An investigation surrounding missing evidence from the North Slope Borough Police Department is underway in Barrow after money and drugs disappeared at the department more than a year ago. As of Tuesday, the borough was in the process of hiring an investigator to look into the allegations.

An internal memo, written by the evidence custodian at the time, was sent to two supervisors in the police department on Feb. 19, 2013, stating that cocaine and cash from the evidence locker was noticed missing several days prior.

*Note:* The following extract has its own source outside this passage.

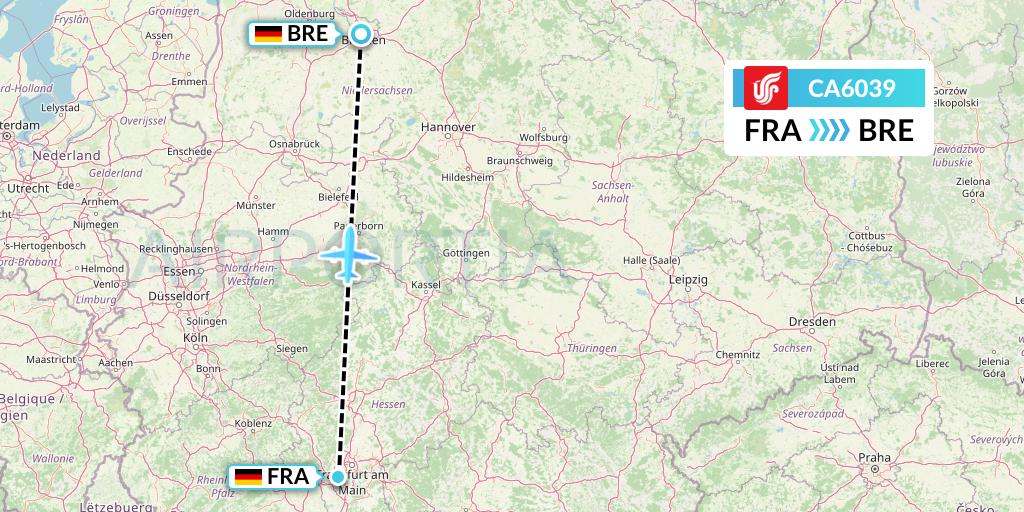 CA6039 Air China Flight Map: Frankfurt to Bremen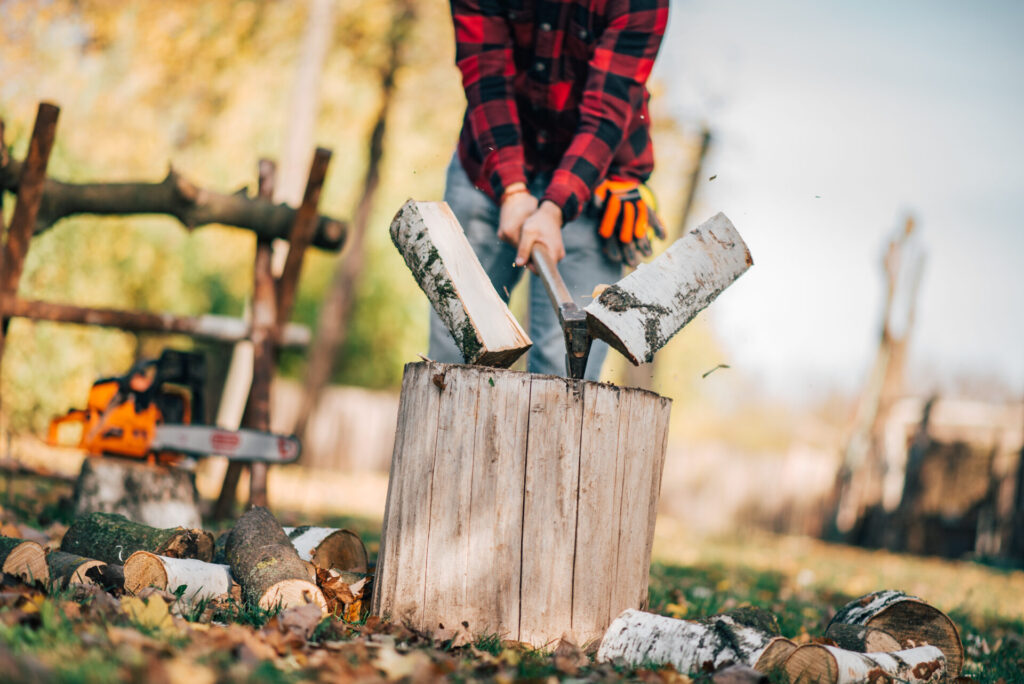 man in lumberjack shirt chopping wood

The memo cites specific case numbers from which the evidence was taken and that in some cases, tags, that are used to label evidence, were found without the evidence, and that bags containing cocaine or cash had been cut open and the contents removed.

"I looked at the tags and found one that had case No. ... and had a description of cocaine," reads the memo that the Arctic Sounder obtained earlier this year. "I was going to check that out to Detective ... but upon further examination of the bag, I realized the bag had been cut along the seam and was empty."

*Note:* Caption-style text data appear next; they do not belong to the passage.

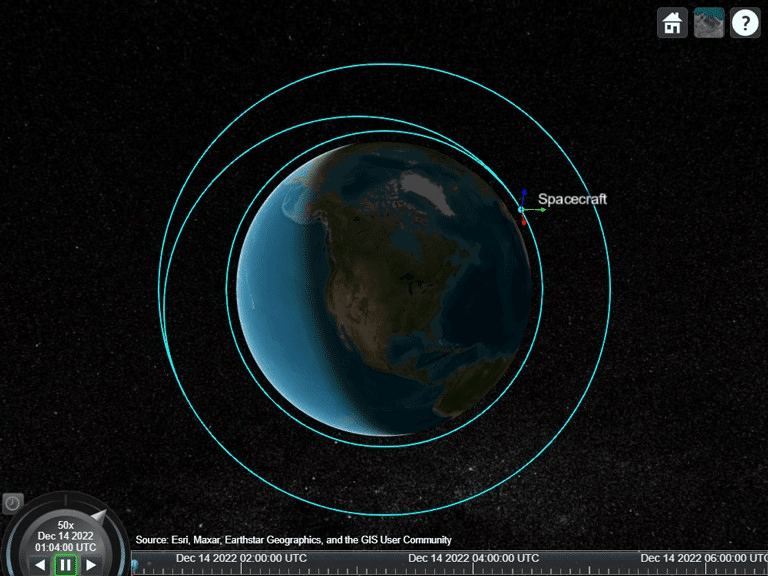 Visualize body coodinate axes of spacecraft in satellite scenario viewer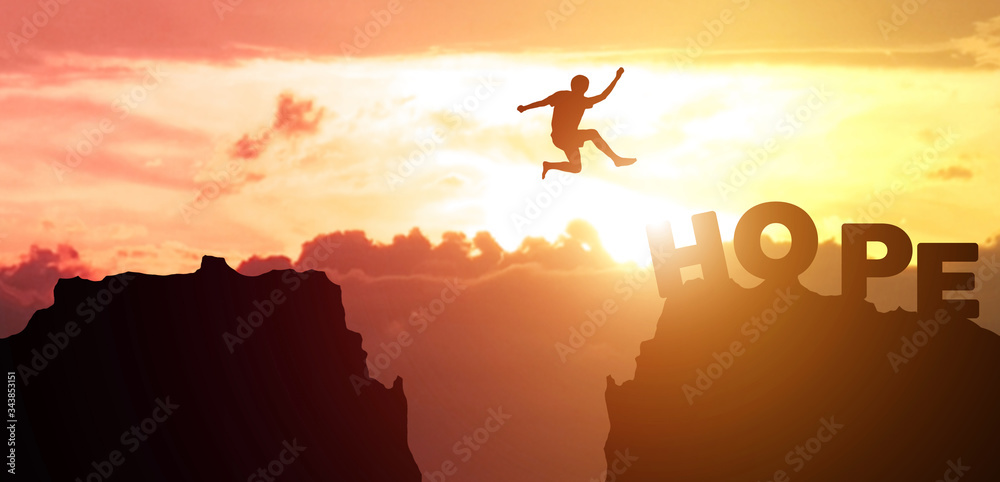Silhouette man people jumping from cliff to other mountain with hope, concept as possible and impossible of success in business and leadership. Copy space for label text and banner for advertisement.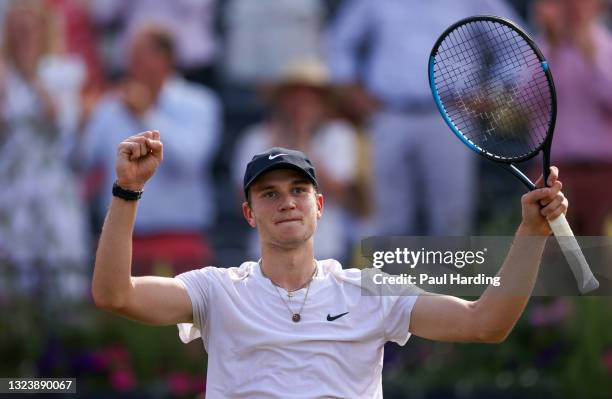 Jack Draper of Great Britain celebrates match point during his Round of 16 match against Alexander Bublik of Kazakhstani during Day 3 of The cinch...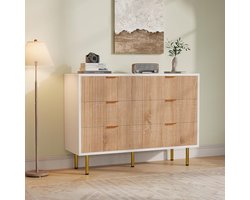Opbergkast met laden - Dressoir Slaapkamer - Ruimte Organiseren - Geribbeld Design - 100 cm Breed - Wit Hout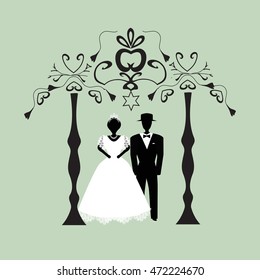 Vintage graphic Chuppah. Religious Jewish wedding canopy for. Bride and groom. Flat. Vector illustration on isolated background.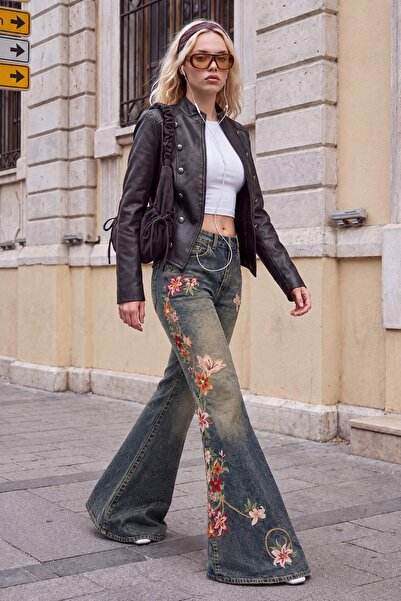 Trendyol Collection Blue High Waist Extra Wide Leg Floral Embroidery Embellis...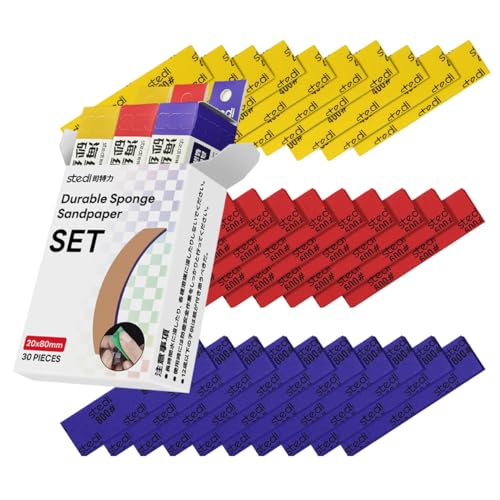stedi Sanding Sponge for Model Gundam Building,3mm Hobby Model Tools Hand Sanding Block Waterproof Wet Dry Reuse #400#600#800 Grit Sandpaper, 30 Sheets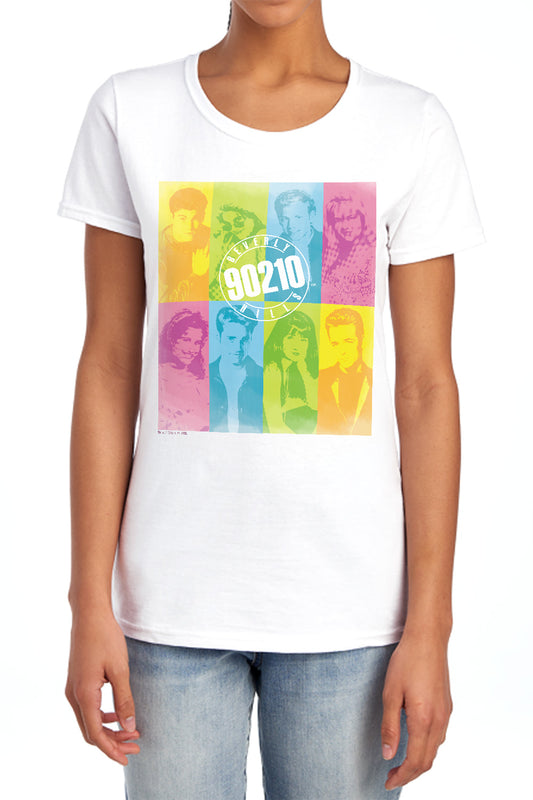 90210 : COLOR BLOCK OF FRIENDS S\S WOMENS TEE White MD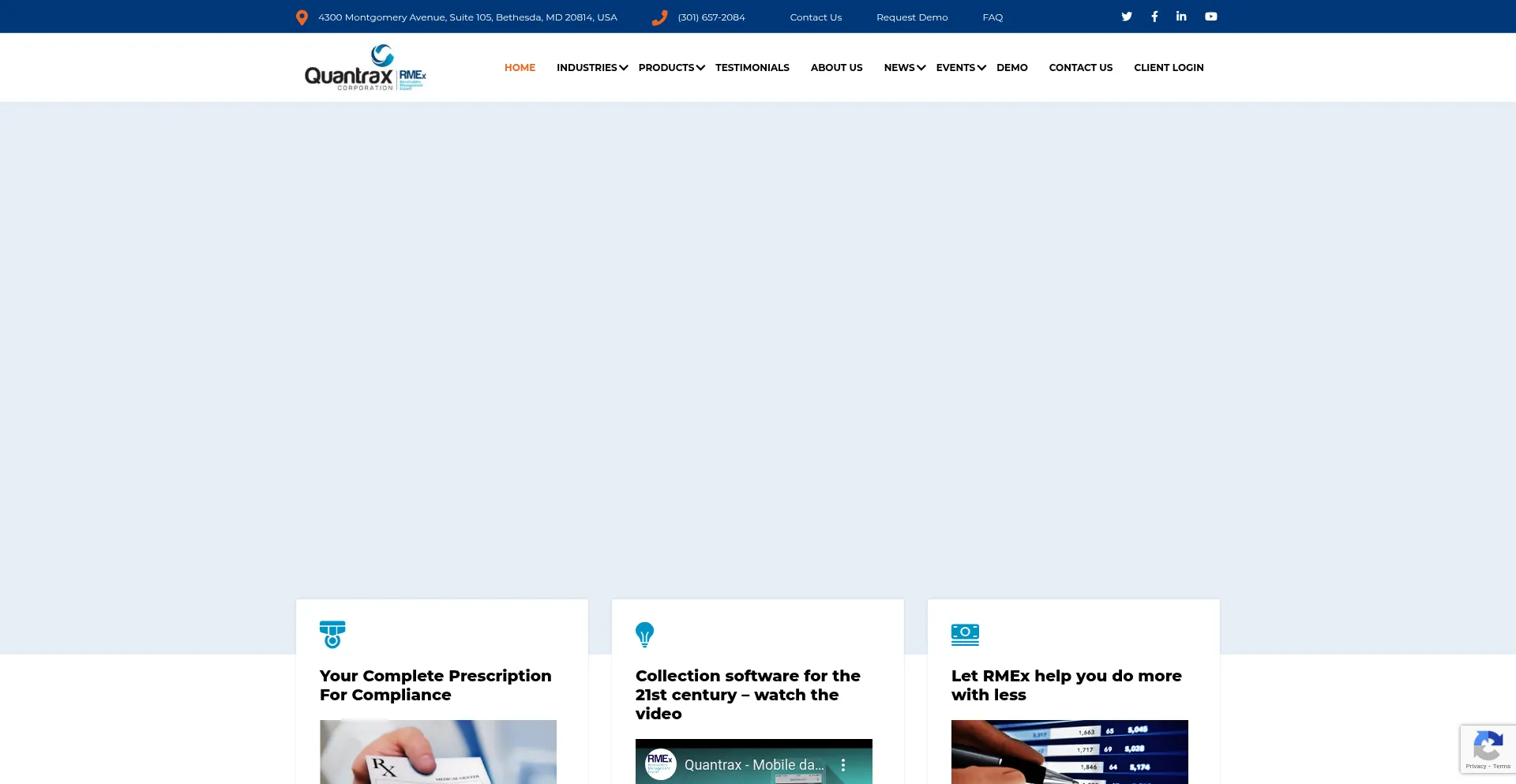 Website screenshot of Quantrax.com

In total, according to the memo, $5,395 and an indeterminate amount of cocaine were noticed missing on Feb. 13 and Feb. 19, 2013.

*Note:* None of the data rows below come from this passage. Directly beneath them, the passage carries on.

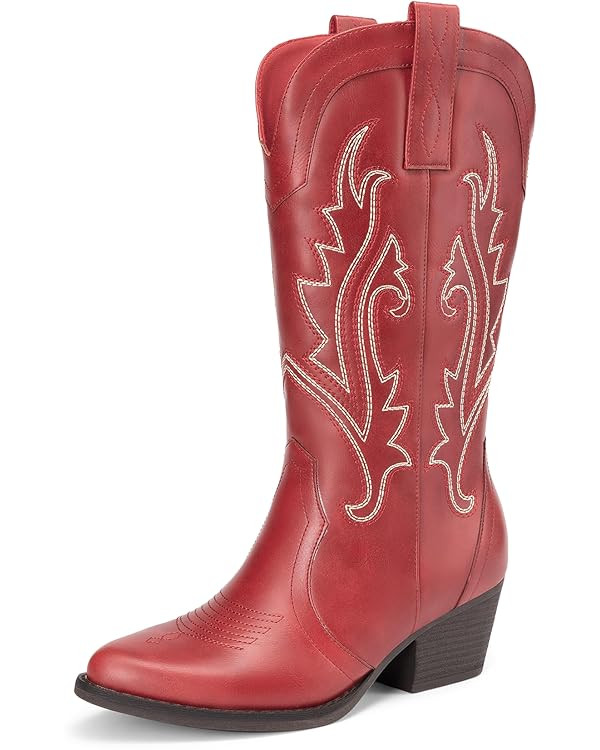 DREAM PAIRS Women's Cowboy Cowgirl Boots Embroidered Pointed Toe Low Heel Western Mid Calf Boot f... | Amazon (US)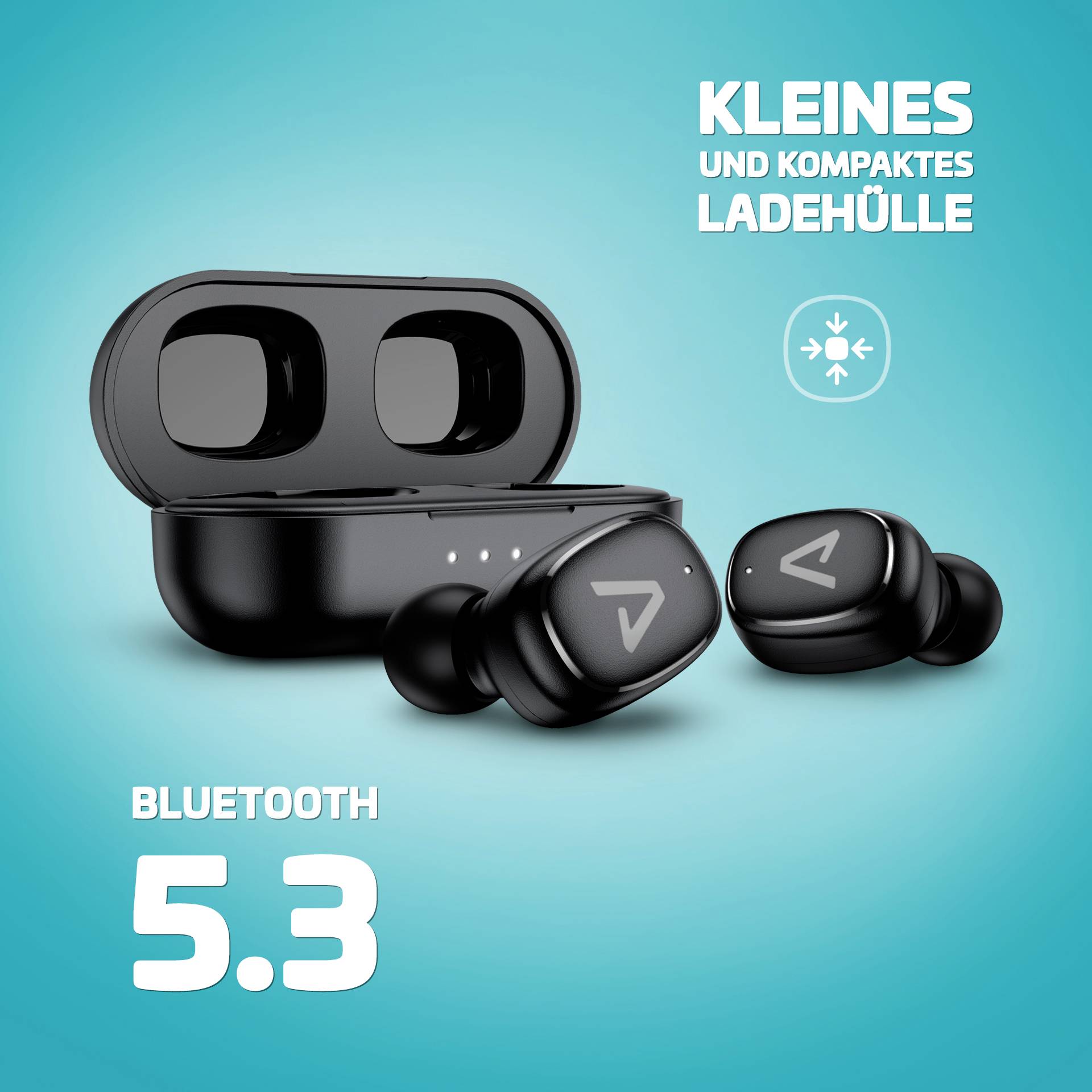 Černé bezdrátové sluchátky s nabíjecím pouzdrem na modrém pozadí. Text: 'Malé a kompaktní nabíjecí pouzdro', 'Bluetooth 5.3'.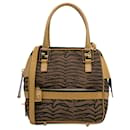 Fendi Brown Zebra Print Canvas Satchel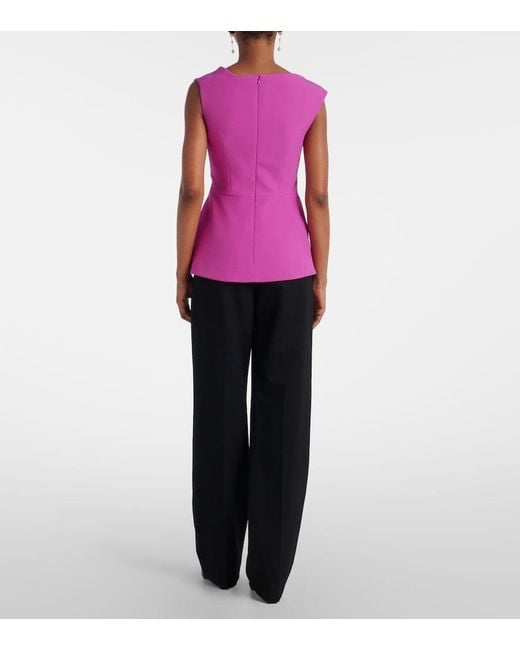 Safiyaa Purple Farrah Draped Crepe Top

Officer Gary Moore has been employed at the borough police department since December 2006 and has worked in a couple of different departments, including as an evidence custodian early in his career in Barrow.

"The evidence room is not well organized," Moore said from Barrow. "The safe in the evidence room, a big, huge safe; they never use it because nobody knows the combination, so the door to the safe is never closed."

Moore said in 2008, after training on secure evidence room procedures at the state crime lab, he took his recommendations to the chief at the time, but no action was taken.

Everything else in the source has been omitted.